Könnt ihr mir da weiterhelfen ?

Mplayer,

Auch hab ich  mitlerweilen Mplayer drauf , der auch die entsprechenden Movies widergeben kann, Allerdings hat der die Make, das er das Bild was er ausgiebt nur auf einer festen grösse abspielt, das heist, mach ich fullscreen hab ich meist einfach nur einen riesen schwarzen rahmen um das immernochgleich "kliene" bild. auch ein ich das fenste grösser skalier, bleibt das Bild gleichgross, nur der schwarze rahmen  wirt grösser . O.o was soll das ?  Hatte das schon jemand von euch?

System :

Ich betreibe ein AMD64, mit 512 Ram und ner Onboard Geforce 6100, das ganze wie ihr auf dem bild seht unter KDE. mit Beryl  -> das eigentlich wider entlich einwandfrei läuft.
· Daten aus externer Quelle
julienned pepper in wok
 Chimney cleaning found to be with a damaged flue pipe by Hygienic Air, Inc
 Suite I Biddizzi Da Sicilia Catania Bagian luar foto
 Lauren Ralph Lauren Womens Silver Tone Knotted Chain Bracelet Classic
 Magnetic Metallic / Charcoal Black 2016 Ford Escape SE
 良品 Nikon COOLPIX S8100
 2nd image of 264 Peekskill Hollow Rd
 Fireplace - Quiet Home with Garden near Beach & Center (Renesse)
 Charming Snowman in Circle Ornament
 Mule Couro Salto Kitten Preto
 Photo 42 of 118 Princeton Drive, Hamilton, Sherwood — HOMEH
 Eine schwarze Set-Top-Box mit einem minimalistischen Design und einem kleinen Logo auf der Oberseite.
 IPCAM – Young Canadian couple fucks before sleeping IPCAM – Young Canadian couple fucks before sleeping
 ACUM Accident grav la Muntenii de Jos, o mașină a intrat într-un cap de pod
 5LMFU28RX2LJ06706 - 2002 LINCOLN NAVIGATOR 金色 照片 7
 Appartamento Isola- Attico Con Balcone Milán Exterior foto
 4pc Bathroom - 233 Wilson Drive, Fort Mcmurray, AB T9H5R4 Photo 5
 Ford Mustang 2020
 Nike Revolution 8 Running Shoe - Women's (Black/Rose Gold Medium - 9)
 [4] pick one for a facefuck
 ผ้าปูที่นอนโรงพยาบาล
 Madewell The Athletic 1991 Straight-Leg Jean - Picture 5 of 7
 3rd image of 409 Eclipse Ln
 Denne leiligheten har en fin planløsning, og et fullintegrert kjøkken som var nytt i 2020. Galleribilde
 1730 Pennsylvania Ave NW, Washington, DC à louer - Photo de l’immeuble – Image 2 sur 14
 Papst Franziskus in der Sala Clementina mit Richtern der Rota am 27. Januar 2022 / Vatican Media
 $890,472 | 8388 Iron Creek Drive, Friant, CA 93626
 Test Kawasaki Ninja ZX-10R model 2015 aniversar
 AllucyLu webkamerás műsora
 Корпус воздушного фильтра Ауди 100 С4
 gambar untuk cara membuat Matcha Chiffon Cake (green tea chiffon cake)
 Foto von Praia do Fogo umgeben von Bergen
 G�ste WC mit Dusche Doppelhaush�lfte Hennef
Xine hat früher auchschon mit Beryl Funktioniert, allerdings hab ich den fehler beim Mplayer schon frühern icht lösen können, was mir damals auch egal war da ja Xine Funktioniert hat.Last edited by Blackburns_gentoo on Tue Oct 16, 2007 11:10 pm; edited 1 time in total

----------

## ChrisJumper

Hi Blackburns_gentoo!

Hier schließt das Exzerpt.